Saved entries
^^^^
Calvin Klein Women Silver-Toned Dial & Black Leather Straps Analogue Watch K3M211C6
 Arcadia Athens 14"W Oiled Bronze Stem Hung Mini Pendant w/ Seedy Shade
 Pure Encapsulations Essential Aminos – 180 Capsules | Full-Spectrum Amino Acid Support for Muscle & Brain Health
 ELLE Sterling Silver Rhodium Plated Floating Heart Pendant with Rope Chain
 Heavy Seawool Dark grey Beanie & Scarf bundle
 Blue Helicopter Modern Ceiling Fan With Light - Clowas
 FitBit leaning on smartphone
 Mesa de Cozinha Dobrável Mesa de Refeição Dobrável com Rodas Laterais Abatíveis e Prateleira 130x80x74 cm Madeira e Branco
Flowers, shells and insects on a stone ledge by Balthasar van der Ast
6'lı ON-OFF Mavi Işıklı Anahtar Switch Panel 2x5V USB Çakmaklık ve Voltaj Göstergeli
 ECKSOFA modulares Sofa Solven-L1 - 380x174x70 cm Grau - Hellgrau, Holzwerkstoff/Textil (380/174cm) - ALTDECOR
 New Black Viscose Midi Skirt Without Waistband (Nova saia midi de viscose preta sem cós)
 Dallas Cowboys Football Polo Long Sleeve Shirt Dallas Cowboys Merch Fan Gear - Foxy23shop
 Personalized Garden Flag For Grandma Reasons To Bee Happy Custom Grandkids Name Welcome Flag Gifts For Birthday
^^^^
Your instructions: Copy out the lines of the data where the string "Silver" occurs.

Exercise response:
Calvin Klein Women Silver-Toned Dial & Black Leather Straps Analogue Watch K3M211C6
 ELLE Sterling Silver Rhodium Plated Floating Heart Pendant with Rope Chain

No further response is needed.